Setting small goals and meeting them is one example. However, setting big goals also can be helpful.
Setting large goals for the year, for example, can help you to think about the big picture. And, once you meet those goals, it can be useful to think about all you have done so that you can develop motivation to move forward.
The trick is to set reasonable goals and reasonable expectations for meeting them.
The end of the year is a great time to go back to your big goals and see all that you have accomplished during the year.
As I was looking over what I did for last month, I was a bit down because most of what I did was to continue to revise works in progress. It can be hard to see the progress I am making when all I have to say for November is that I revised a chapter and an article and they are still unfinished.
To pull myself out of that slump, I decided to look at all I have done over the course of 2013. And, it turns out I have some major accomplishments to report.
I have been working on a fifteen-chapter textbook for just about three years. I wrote the first chapter in early 2011 and have been moving forward slowly ever since. This was the year for the final push and I managed to write the final six chapters this year! That is 48,000 new words. In addition, I returned to the reviews and made final revisions on each of the chapters. The final deadline for the textbook revisions was December 6, so the book is now officially in production. The book will be out in August 2014, and I will certainly celebrate that. (If you are curious, I have details about the book here.)

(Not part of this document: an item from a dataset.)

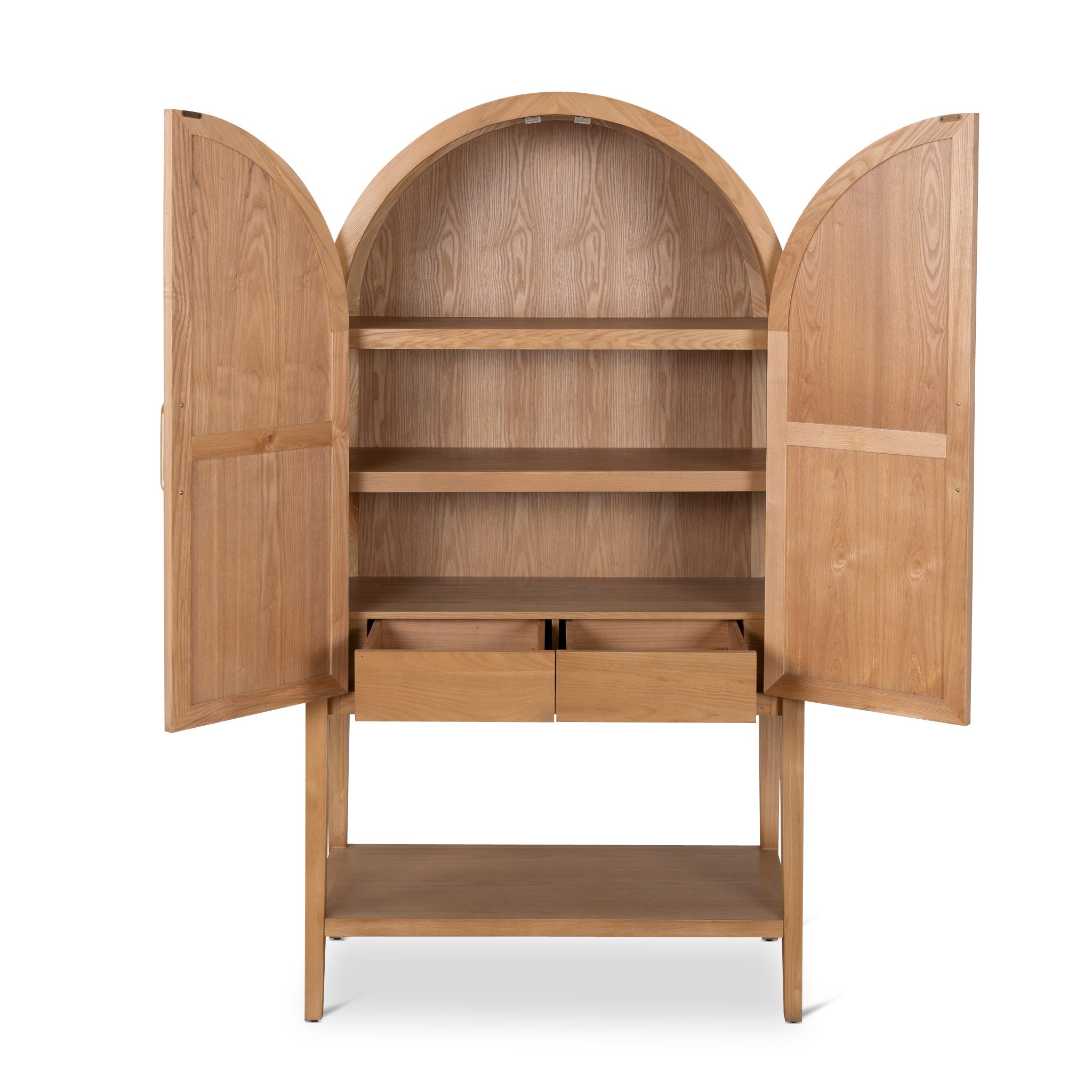 1.83m (H) Ash Genova Curve Cabinet - Natural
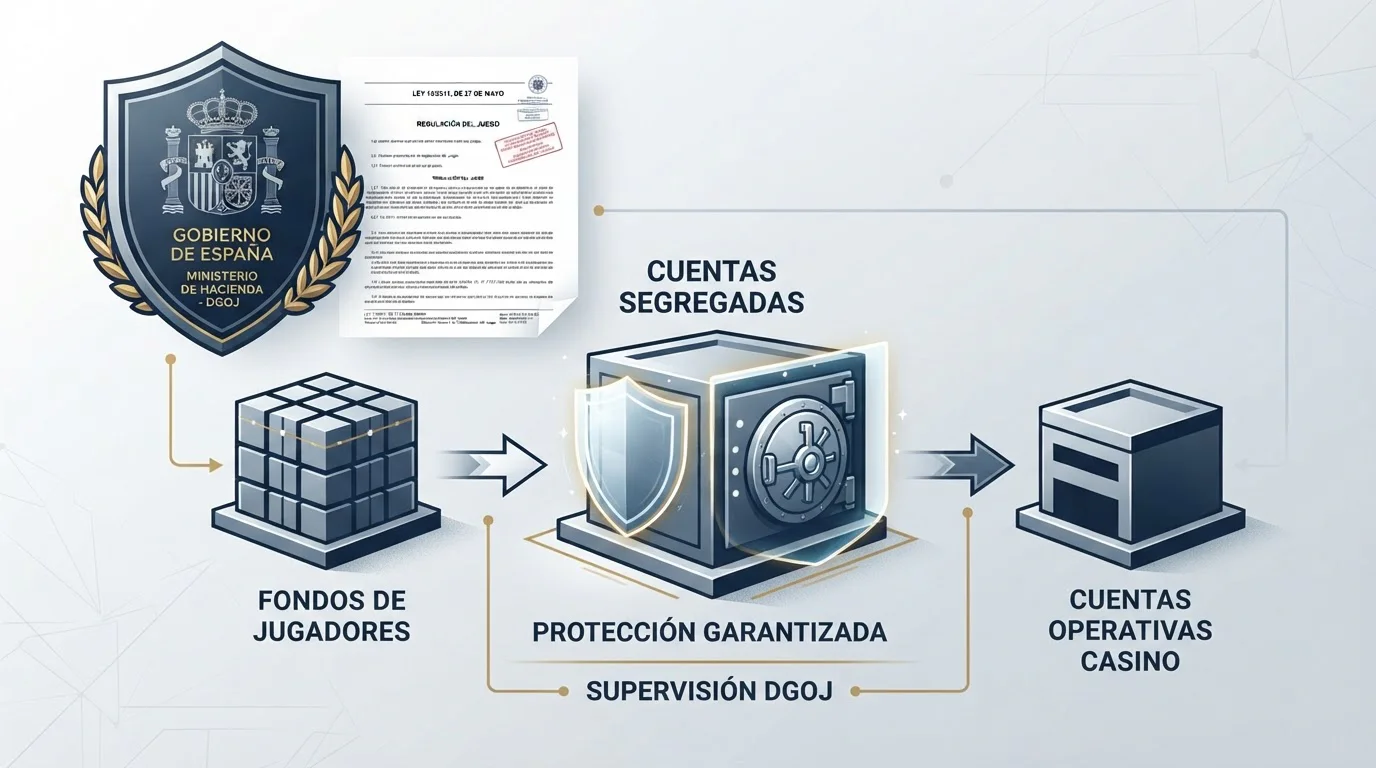 Ilustración editorial del marco legal español: escudo oficial DGOJ, extracto visual de la Ley 13/2011, y diagrama de cuentas segregadas (fondos de jugadores separados de fondos operativos del casino)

I also have been working on a book on deportees for a while. I completed the interviews in August 2010. I finished going through the transcriptions, writing memos and doing the preliminary analyses of the interviews in January 2011. I have been writing up the chapters ever since. In 2012, I wrote the Introduction and the first three chapters. In 2013, I wrote chapters 4, 5, 6, and 7 – four new chapters or about 40,000 words!
In addition to those two books, I have also been working on articles and book chapters for edited volumes. I wrote and submitted one book chapter and one article based on the interviews with deportees. I also wrote a rough draft of another article. Those three pieces overlap somewhat with the book manuscript, but are not exactly the same.
While writing this, I looked back to see what I did in 2012, and my productivity was similar – five textbook chapters and four chapters of the deportee book in addition to a few shorter pieces. It is good to know that I can maintain a consistent writing pace. It is also remarkable to me that my productivity for 2012 and 2013 were so similar. Perhaps I really have found my writing groove! As I mentioned last year, I have been able to accomplish all of this writing by maintaining a consistent writing habit of two hours a day, five days a week.
I find looking back over my accomplishments to be rewarding. It also gives me energy to move forward and keep up momentum for next year.
Now that I am finished with the race textbook, I can focus all of my energies on revising and submitting the book on deportees. There is no doubt that I can be finished with the revisions by Spring 2014. This is fantastic, as I am ready to be done with it!
Once I finish the deportee manuscript, I can work on the three articles I have drafts of. And, then I can move on to my next project!
What about you? Did you make goals for 2013? Have you met them?